Greek players celebrate their 1-0 win over Russia in Warsaw, Poland, on June 16. (Michael Sohn, AP)

Greek players celebrate their 1-0 win over Russia in Warsaw, Poland, on June 16. (Michael Sohn, AP)

Greece’s footballers brought some much-needed and unexpected joy to their hard-pressed compatriots back home on Saturday as they reached the Euro 2012 quarterfinals with a stunning 1-0 win over Russia.

Fittingly, it was a goal by one of their heroes from the Euro 2004 triumph captain Giorgos Karagounis that delivered victory to a country which is wilting under the pressures of the eurozone crisis with high unemployment and swingeing cuts.

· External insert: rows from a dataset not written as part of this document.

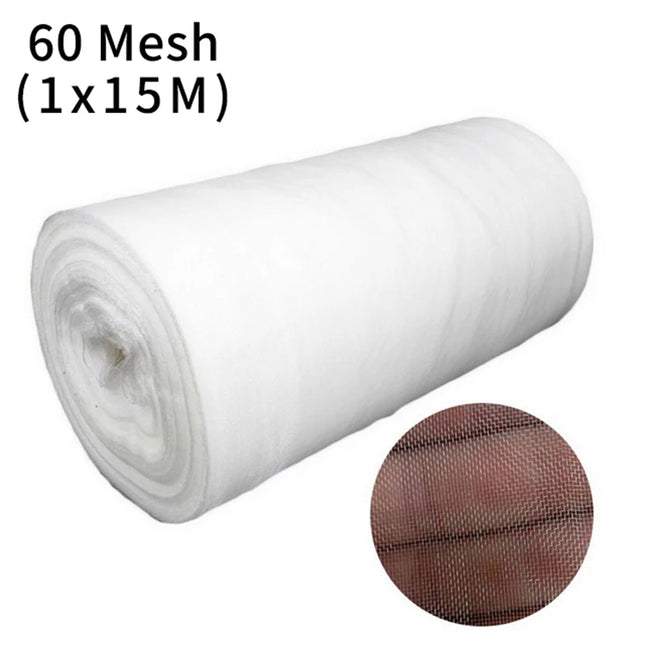 Garden Insect Protection Net - Anti-Bird Mesh for Fruits & Vegetables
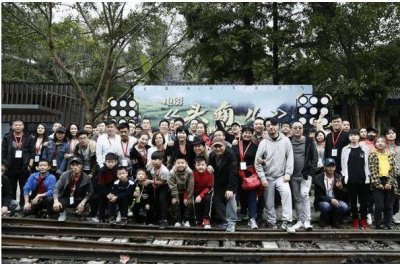 ​【美代演员】史轩兆电影《头角儿》开机讲述平凡人的不平凡之路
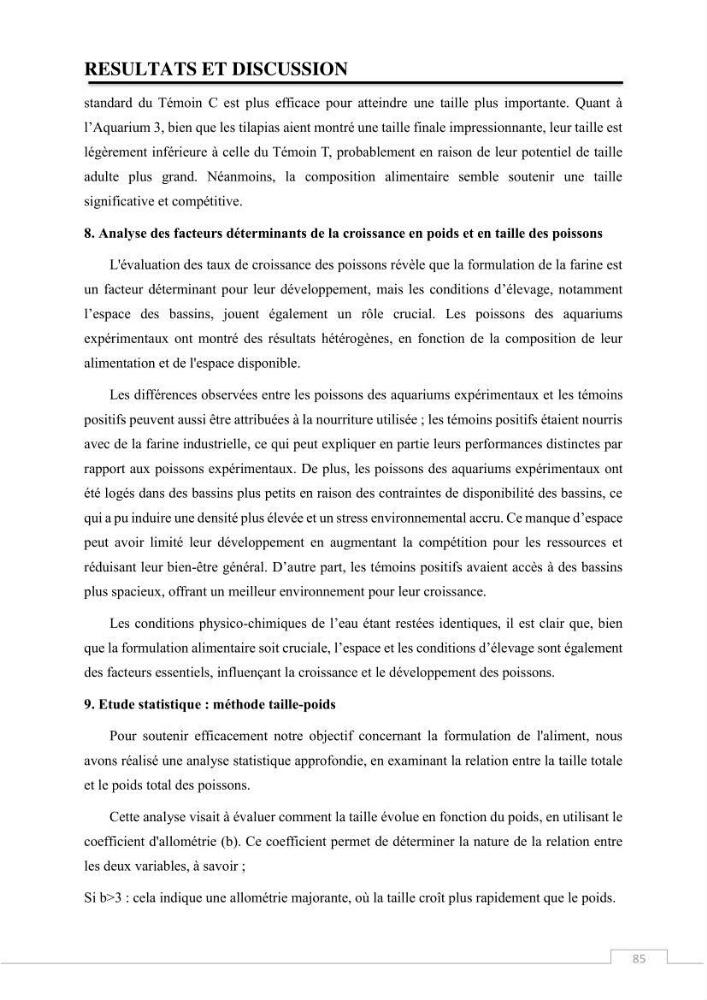 Valorisation des déchets issus de la pêche, après transformation par voie Biotechnologique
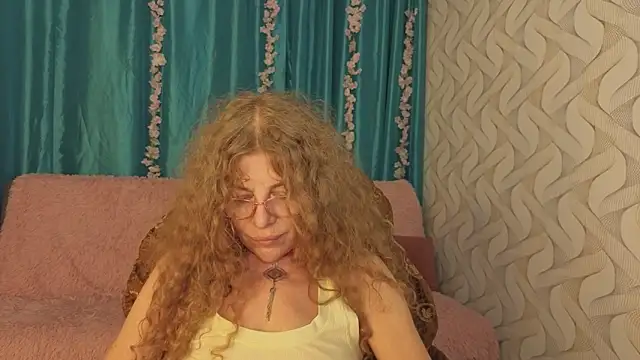 Webkamerová show EvaTemptt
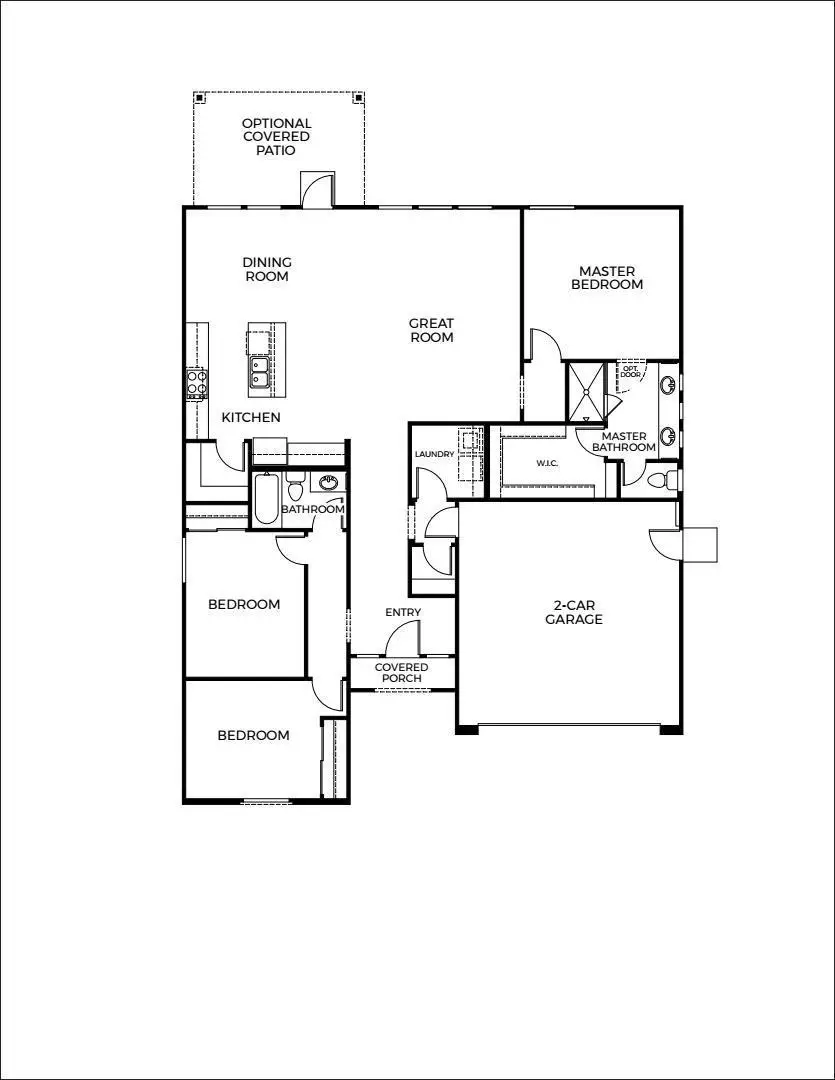 10700 TATUK WAY, Bakersfield, CA 93311 - #2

Russia’s despair was complete as a 72nd-minute goal by Petr Jiracek gave the Czech Republic—who were beaten by the Greeks in the Euro 2004 semifinals—a 1-0 victory over co-hosts Poland to finish top of the table, sending both the Russians and the Poles home.

Polish coach Franciszek Smuda promptly announced that was the end of the road for him, while Russia’s Dutch coach Dick Advocaat had perhaps wisely already said he was leaving for PSV Eindhoven.

Karagounis’s joy at his goal was tempered later in the game by a booking that brought an anguished reaction from the 35-year-old as it means he will miss the quarterfinal.

However, he reflected afterwards how much this victory meant to the wider Greek community.

“When we left Greece, we all said in one voice ‘we will give everything and we will give everything when our compatriots aren’t having the best of times’,” said Karagounis.

“I believe that this tonight puts a smile on their faces.”

For Greece’s Portuguese coach Fernando Santos this victory was inspired by Greece’s rich history as a country.

“What inspires us is the history of Greece,” said Santos, whose 45% pay rise before the tournament raised eyebrows.

“This is the thing that inspires me the most because the Greek people have huge pride for their tradition and history and I think respect from everyone is well deserved.

“Everyone has to respect Greeks because of its history and the principles of democracy, science ... everything started from Greece, so it’s very difficult for anyone to give us lessons.”

Smuda was left to rue a bright first-half performance from the Poles that crucially yielded no goals and gave the Czechs, who took time to get into their stride without injured playmaker Tomas Rosicky, hope.

Jiracek duly delivered for his second goal of the tournament leaving Smuda dejected but at the same time he took pride in the way a relatively young side he shaped had performed respectably.

“I can’t say we’ll leave the ground devastated, we’ve played some good matches in friendlies and even here.

“OK, they weren’t perfect or as good as we would have liked but this is football, this is how it works.”

His Czech counterpart Michal Bilek said that even after losing 4-1 to Russia in their opener he and his players had not lost faith.

“We were confident in ourselves, we had already been in difficult situations before, but we have always got out of them playing as a team,” said Bilek, whose side had to come through a play-off to get here.

“The players showed their mental strength, we deserved to go through.”